# Problem requirements
The lines you return should be those containing the string "Used", taken from the data below.

# Material for the task
★ ★ ★
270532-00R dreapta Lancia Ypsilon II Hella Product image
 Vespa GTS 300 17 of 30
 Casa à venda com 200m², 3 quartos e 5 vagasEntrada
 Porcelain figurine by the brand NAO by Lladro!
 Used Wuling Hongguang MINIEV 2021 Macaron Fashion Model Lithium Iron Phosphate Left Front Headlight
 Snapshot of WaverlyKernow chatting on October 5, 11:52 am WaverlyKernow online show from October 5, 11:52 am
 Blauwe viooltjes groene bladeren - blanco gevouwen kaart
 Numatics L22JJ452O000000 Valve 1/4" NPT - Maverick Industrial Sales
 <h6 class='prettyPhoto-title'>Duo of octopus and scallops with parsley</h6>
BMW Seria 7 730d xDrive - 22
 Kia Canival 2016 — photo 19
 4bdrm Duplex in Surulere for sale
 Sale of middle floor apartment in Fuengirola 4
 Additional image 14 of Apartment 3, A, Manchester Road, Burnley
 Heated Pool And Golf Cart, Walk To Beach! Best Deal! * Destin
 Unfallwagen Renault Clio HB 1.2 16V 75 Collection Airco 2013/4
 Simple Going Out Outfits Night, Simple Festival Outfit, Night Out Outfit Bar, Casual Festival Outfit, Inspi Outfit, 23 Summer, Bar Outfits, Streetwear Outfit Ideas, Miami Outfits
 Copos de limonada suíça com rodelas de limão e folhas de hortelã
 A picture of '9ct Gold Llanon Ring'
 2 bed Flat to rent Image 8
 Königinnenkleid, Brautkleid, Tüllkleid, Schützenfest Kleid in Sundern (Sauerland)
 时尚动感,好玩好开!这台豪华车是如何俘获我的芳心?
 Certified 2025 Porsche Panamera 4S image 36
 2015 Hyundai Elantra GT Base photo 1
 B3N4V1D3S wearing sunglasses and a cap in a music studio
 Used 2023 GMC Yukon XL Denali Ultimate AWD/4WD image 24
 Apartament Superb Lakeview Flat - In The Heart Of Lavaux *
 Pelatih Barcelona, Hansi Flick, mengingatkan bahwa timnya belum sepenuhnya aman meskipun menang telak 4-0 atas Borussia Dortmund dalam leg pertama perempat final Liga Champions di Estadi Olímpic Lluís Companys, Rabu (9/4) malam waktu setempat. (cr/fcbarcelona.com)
★ ★ ★
# Answer space
 Used Wuling Hongguang MINIEV 2021 Macaron Fashion Model Lithium Iron Phosphate Left Front Headlight
 Used 2023 GMC Yukon XL Denali Ultimate AWD/4WD image 24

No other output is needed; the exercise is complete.